Key Actions for Investors
JPMorgan’s long-term outlook is bullish, and the current market conditions present a buying opportunity for investors. The weekly chart for JPMorgan presents a double bottom at the long-term support of $100.54, which was confirmed when the price broke through the $120 mark, as shown in the chart below. The breakout was strong, and prices have since risen above $140. The emergence of bullish divergence, indicated by the blue lines in the chart, further bolsters the bullish outlook. This divergence suggests that selling pressure has decreased, and buyers have entered the market.
Although the price has reached the resistance level, it is currently testing the support level of $120, which is a potential buying opportunity. In summary, the region between $100.54 and $120 presents an excellent entry point for long-term investors to buy.
Risks
The banking industry is facing negative investor sentiment and significant earnings volatility, leading to uncertainty about the stability of banks. The extent of the pressure on earnings depends on the asset mix and funding base of each bank. In the upcoming weeks and months, the stock prices of banks may experience more volatility, and there is a possibility that valuations could decline further before improving.

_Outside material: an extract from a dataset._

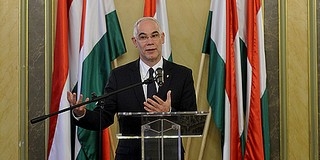 Béremelést kapnak a szociális ágazatban dolgozók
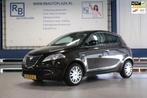 Lancia Ypsilon 0.9 TwinAir Gold / SUPER LEUKE AUTO ! ! !, Auto's, Voorwielaandrijving, Euro 5, 86 pk, Gebruikt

The technical chart of JPMorgan reflects the uncertainty in the market through the presence of ascending broadening wedges, which are indicative of high market volatility. Although $100.54 presents a compelling buy level, a monthly close below this threshold could elevate the risk of further decline and panic among investors. However, any panic will be short-lived and will be followed by the next upward move in the market.
Bottom Line
In conclusion, the collapse of SIVBQ has triggered a risk-off sentiment in financial markets, leading to a reassessment of risk across multiple institutions and increased volatility. However, JPMorgan’s financial stability suggests that the bank is well-equipped to overcome these challenges. The bank’s deposit of $30 billion with First Republic Bank will help stabilize the bank and prevent further outflows of depositors, boosting investor confidence. The Fed’s BTFP will also help alleviate financial strain on banks, protecting capital and minimizing the impact of market fluctuations on financial stability. Commercial banks are facing liquidity challenges, as indicated by the increase in borrowing from the Fed and the FHLB. However, JPMorgan would benefit from the increased liquidity in the financial system because it would have easier access to cash and loans. The technical analysis suggests a strongly bullish long-term perspective for JPMorgan in the form of an inverted head and shoulders. The chart patterns indicate that any drop in JPMorgan’s price is considered as a buying opportunity. Investors with a long-term perspective consider the strong support level at $100.54 as a favorable buying opportunity due to the emergence of the ascending broadening wedge.
Disclosure: I/we have no stock, option or similar derivative position in any of the companies mentioned, and no plans to initiate any such positions within the next 72 hours. I wrote this article myself, and it expresses my own opinions. I am not receiving compensation for it (other than from Seeking Alpha). I have no business relationship with any company whose stock is mentioned in this article.